As an amateur film critic, I have panned many blockbusters and watched rote responses roll in which offer no greater defense of the panned film than, “This film was just plain fun. Why don’t you snobby film critics get it?” Self-defense is usually ugly, even when it is necessary, though I often want to swing back, “Alright, smart guy, you try it.” Claiming that a film is “just plain fun” is easy enough, but a fellow couldn’t exactly make a career of it. Further, the claim that a film is “just plain fun” doesn’t really give anyone much to think about. “Just plain fun” doesn’t really clarify anything. If a film is nothing more than fun, it doesn’t really leave anything to the imagination. The imagination is what takes over after mere fun has run its course.
When people object that this or that panned blockbuster is “just plain fun,” I often want to ask them to tease that claim out to 1200 words. And after you have teased “just plain fun” out to 1200 words, can you do it again, and again, and again? At about the 300 word threshold, explaining “just plain fun” runs out of steam. Readers drop out. They get it. 300 words is honestly about 297 words too many.
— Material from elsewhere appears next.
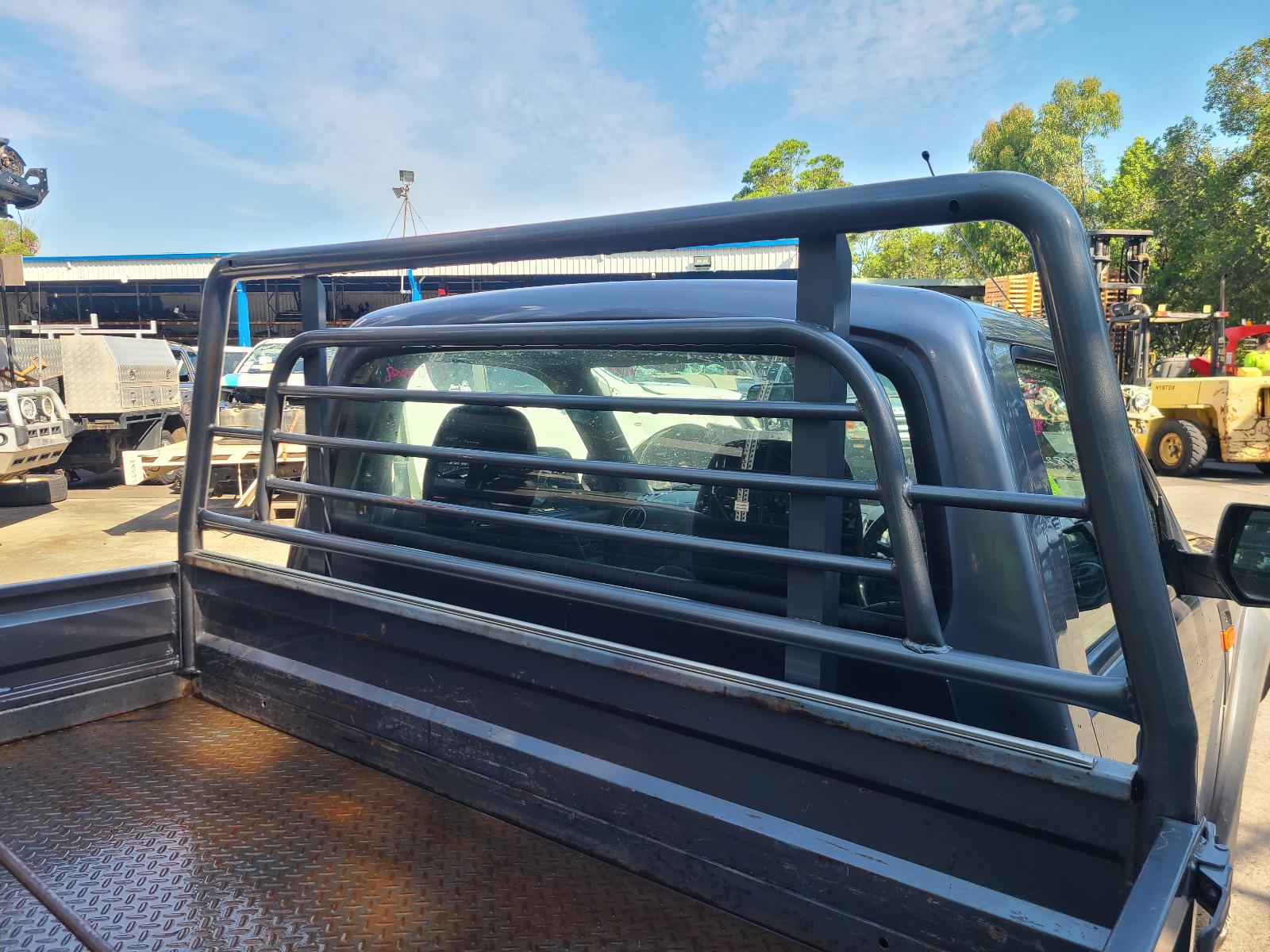 View Ford Ranger 2010 2 Door Pickup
In truth, the reviewer comes to look at most films differently after writing 300 words about them. Once you write a dozen or so film reviews that top 1200 words, the idea of defending “just plain fun” once again becomes tedious and the critic begins to wonder why “just plain fun” films are so limited in their intellectual scope. If the point of any one film is to be “just plain fun,” why not watch the last film which was “just plain fun”? And if a certain film which is “just plain fun” on one viewing is a little less fun on a second viewing, why? And is it a buzzkill to include in a review all the reasons that a “just plain fun” film isn’t going to do much on a second viewing? And if a critic includes that information, should he expect to be told, “You snobby film critics don’t get it”?
The longer the critic thinks about it, the more interesting it seems that a film could be fun on a first viewing but not on a second. As he dwells on this further, the critic finds that he can’t enjoy a film the first time if he knows it will be boring the second time. He finds his standards rising, and he finds that people who don’t have to write about film are more easily satisfied with anything thrown up on the screen.